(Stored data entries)
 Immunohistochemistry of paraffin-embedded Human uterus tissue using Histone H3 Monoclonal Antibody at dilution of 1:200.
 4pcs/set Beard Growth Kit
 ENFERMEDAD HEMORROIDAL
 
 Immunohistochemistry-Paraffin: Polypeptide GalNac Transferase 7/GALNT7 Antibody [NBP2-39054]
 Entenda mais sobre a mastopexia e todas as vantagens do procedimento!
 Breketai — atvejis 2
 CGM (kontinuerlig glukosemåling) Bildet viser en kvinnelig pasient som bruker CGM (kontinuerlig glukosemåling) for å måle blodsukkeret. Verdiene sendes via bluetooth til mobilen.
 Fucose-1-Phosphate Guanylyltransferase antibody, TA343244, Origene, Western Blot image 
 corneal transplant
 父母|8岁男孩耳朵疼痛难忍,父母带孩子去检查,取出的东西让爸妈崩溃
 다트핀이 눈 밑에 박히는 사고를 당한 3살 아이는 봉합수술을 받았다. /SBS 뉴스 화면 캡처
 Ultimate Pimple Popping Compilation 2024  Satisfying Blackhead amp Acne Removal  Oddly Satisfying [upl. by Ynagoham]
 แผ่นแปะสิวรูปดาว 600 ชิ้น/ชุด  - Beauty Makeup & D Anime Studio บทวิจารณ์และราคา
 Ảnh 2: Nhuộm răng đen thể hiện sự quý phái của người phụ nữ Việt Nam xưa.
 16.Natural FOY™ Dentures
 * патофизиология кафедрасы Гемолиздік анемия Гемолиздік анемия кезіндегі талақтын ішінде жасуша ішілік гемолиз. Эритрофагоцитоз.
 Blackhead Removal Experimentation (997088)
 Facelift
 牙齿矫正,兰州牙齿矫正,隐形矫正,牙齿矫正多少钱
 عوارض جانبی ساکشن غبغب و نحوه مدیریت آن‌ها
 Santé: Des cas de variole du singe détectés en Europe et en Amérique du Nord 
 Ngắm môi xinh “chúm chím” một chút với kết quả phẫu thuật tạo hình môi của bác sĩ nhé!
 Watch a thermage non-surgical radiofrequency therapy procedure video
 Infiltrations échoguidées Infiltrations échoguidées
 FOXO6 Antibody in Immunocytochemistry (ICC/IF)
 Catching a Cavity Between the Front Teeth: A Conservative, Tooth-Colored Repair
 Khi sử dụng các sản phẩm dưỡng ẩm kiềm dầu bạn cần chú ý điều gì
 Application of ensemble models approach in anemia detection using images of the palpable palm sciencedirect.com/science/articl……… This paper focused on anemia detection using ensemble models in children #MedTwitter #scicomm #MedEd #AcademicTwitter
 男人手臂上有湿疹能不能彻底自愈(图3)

● What you need to do
In the entries above, please find the line with "Breketai — atvejis 2" and the line with "16.Natural FOY™ Dentures", then write out exactly those two lines and every line between them, and nothing more.

● Task response
 Breketai — atvejis 2
 CGM (kontinuerlig glukosemåling) Bildet viser en kvinnelig pasient som bruker CGM (kontinuerlig glukosemåling) for å måle blodsukkeret. Verdiene sendes via bluetooth til mobilen.
 Fucose-1-Phosphate Guanylyltransferase antibody, TA343244, Origene, Western Blot image 
 corneal transplant
 父母|8岁男孩耳朵疼痛难忍,父母带孩子去检查,取出的东西让爸妈崩溃
 다트핀이 눈 밑에 박히는 사고를 당한 3살 아이는 봉합수술을 받았다. /SBS 뉴스 화면 캡처
 Ultimate Pimple Popping Compilation 2024  Satisfying Blackhead amp Acne Removal  Oddly Satisfying [upl. by Ynagoham]
 แผ่นแปะสิวรูปดาว 600 ชิ้น/ชุด  - Beauty Makeup & D Anime Studio บทวิจารณ์และราคา
 Ảnh 2: Nhuộm răng đen thể hiện sự quý phái của người phụ nữ Việt Nam xưa.
 16.Natural FOY™ Dentures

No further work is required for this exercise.